▶ [Exercise requirements]: Copy out the data from the line containing "Boxy Cropped Raw Edge T-Shirt" to its last line, exactly. No pictures.

▶ [Supplied data]:
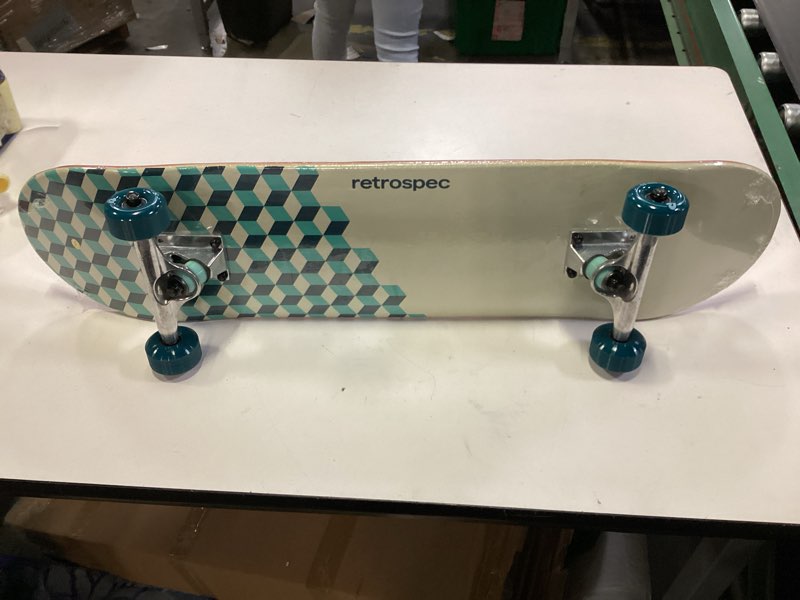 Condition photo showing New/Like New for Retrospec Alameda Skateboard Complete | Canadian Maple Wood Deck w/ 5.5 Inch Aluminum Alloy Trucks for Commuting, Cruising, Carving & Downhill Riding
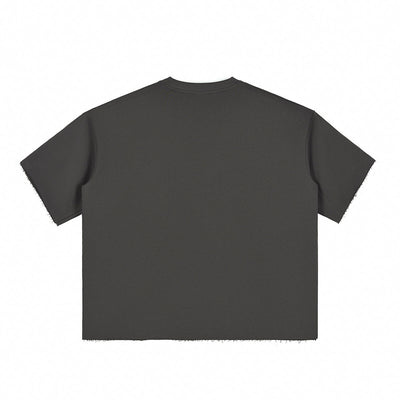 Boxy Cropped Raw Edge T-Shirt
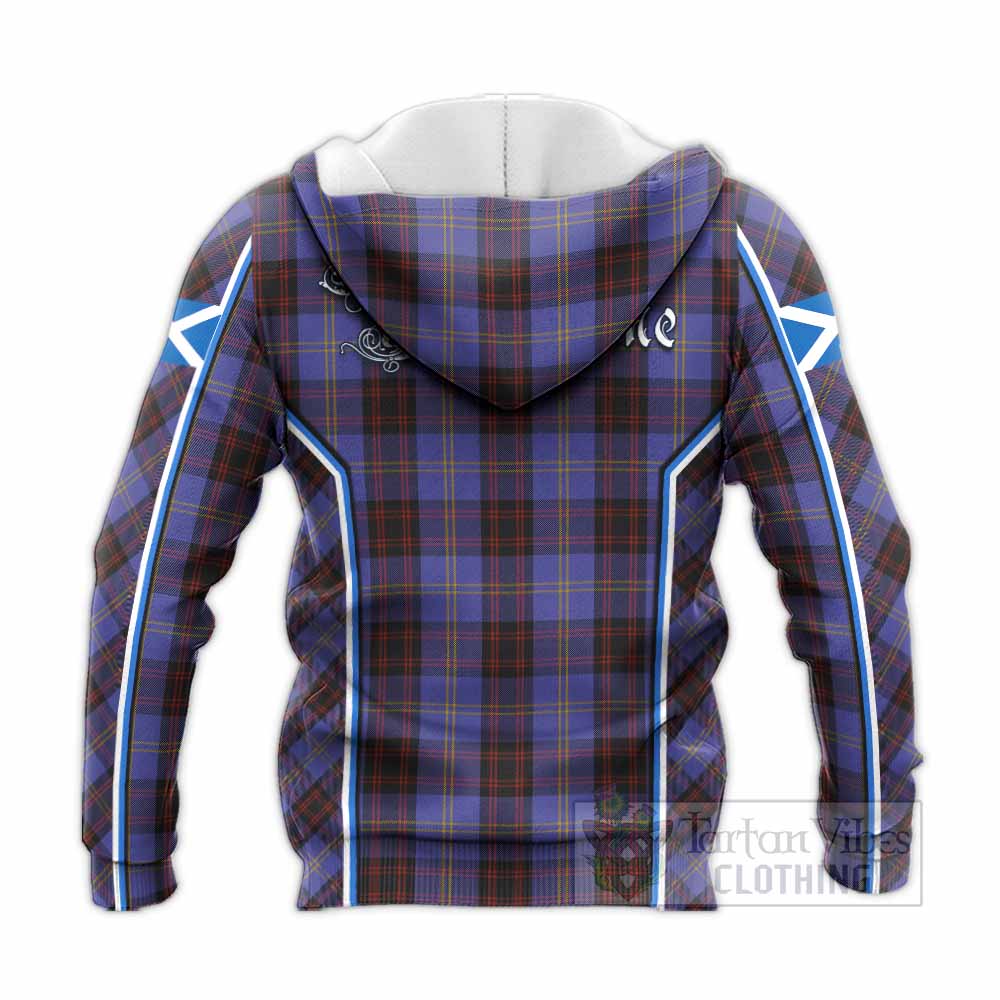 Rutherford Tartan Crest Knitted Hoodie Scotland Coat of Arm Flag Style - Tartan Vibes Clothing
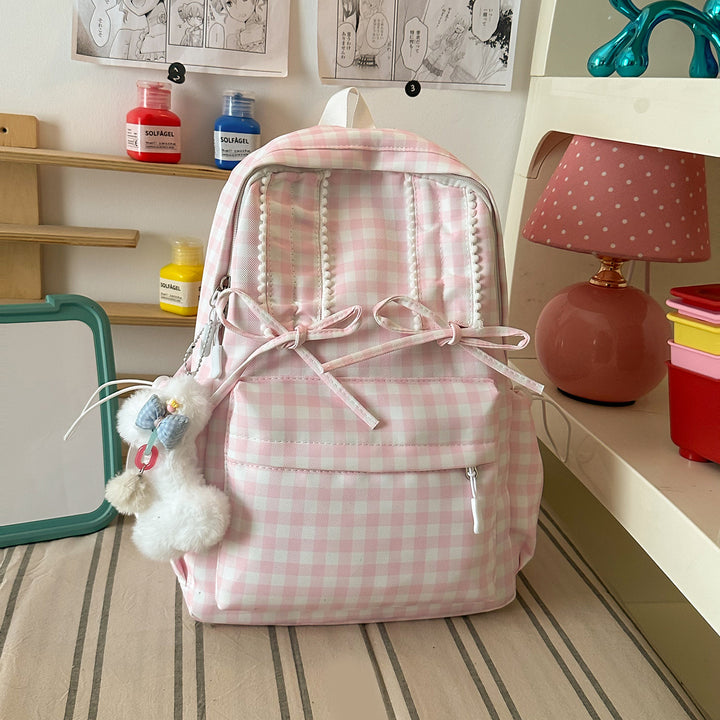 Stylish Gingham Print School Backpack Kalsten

▶ [Output for this exercise]:
 Boxy Cropped Raw Edge T-Shirt
 Rutherford Tartan Crest Knitted Hoodie Scotland Coat of Arm Flag Style - Tartan Vibes Clothing
 Stylish Gingham Print School Backpack Kalsten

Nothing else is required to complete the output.